Required action ->
In the records below, find the line with "[BRSWICQBCECBSEQZ] Biotech USA", then retype it and every following line exactly, stopping after the line with "Express Paint Enhancement". Leave the pictures out.

Data records ->
━━━━━━━━━━
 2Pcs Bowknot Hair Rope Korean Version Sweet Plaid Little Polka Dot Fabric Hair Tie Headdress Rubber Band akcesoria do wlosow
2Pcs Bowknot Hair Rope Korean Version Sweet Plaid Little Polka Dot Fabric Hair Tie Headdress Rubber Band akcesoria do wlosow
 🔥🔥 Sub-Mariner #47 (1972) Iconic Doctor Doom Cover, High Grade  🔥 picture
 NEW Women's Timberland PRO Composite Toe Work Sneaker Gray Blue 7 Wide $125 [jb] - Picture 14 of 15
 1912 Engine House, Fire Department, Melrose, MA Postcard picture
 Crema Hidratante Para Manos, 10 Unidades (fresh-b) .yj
━━━━━━━━━━
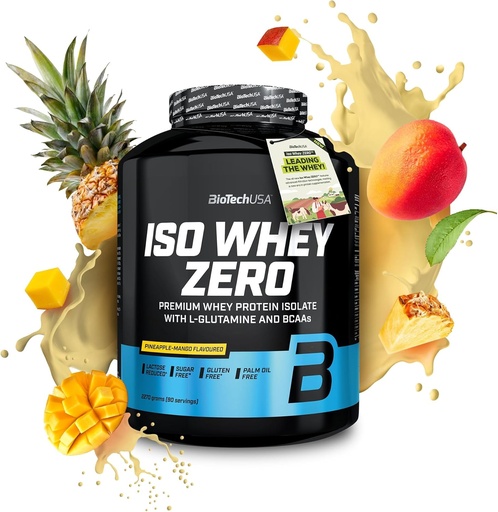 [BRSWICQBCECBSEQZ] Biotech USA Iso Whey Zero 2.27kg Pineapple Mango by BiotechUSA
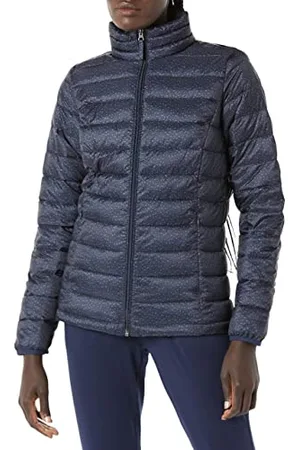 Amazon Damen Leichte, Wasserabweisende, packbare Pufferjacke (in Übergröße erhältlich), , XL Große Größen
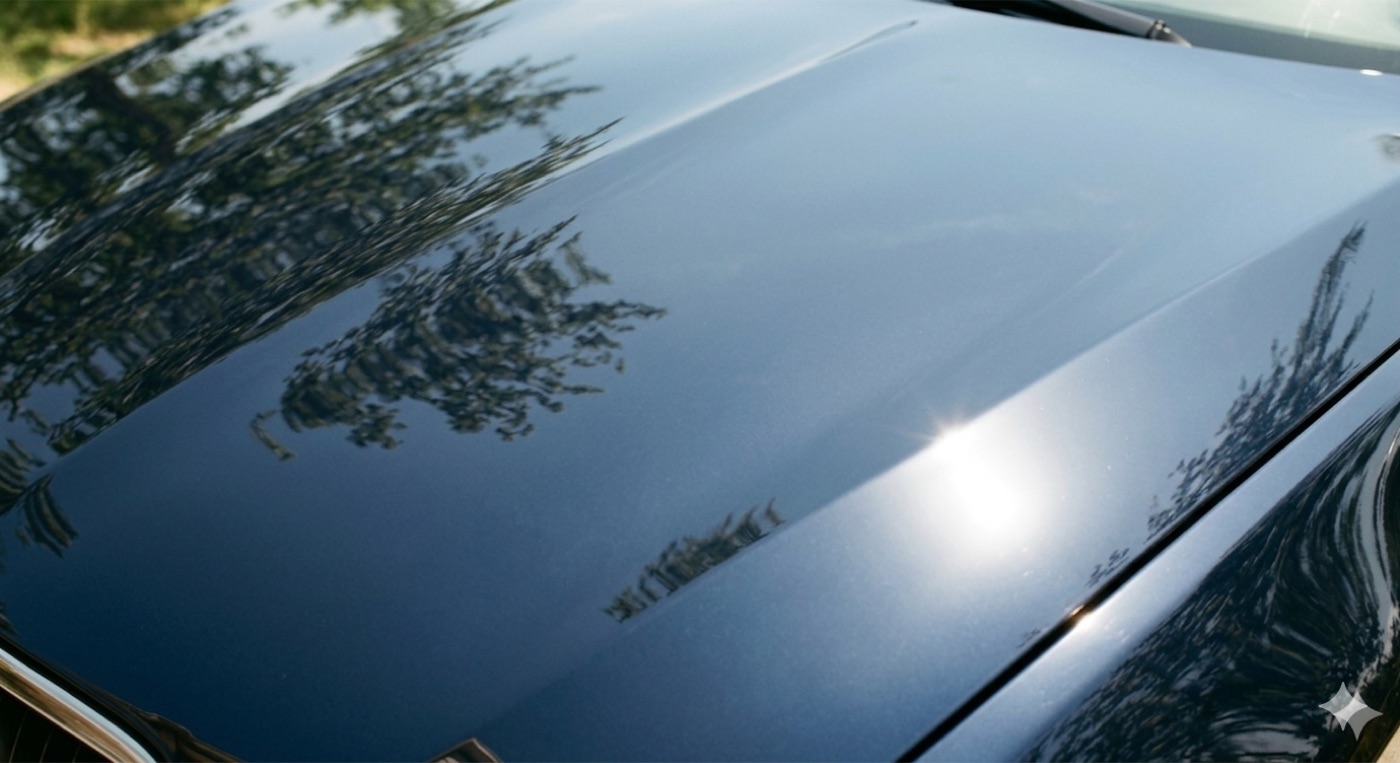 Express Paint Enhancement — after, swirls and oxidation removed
━━━━━━━━━━
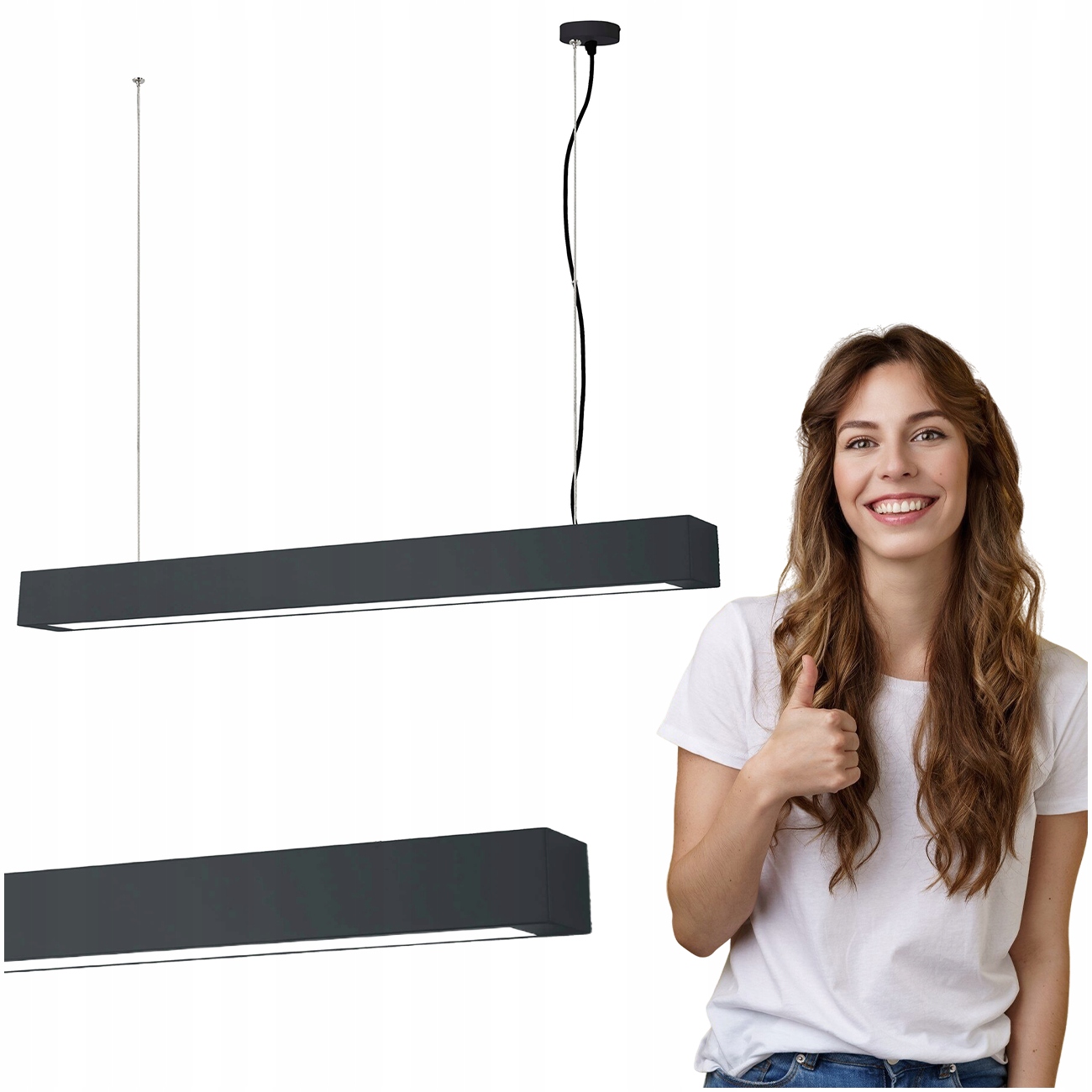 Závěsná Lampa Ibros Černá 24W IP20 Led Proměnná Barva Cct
━━━━━━━━━━
Answer for this exercise ->
 [BRSWICQBCECBSEQZ] Biotech USA Iso Whey Zero 2.27kg Pineapple Mango by BiotechUSA
 Amazon Damen Leichte, Wasserabweisende, packbare Pufferjacke (in Übergröße erhältlich), , XL Große Größen
 Express Paint Enhancement — after, swirls and oxidation removed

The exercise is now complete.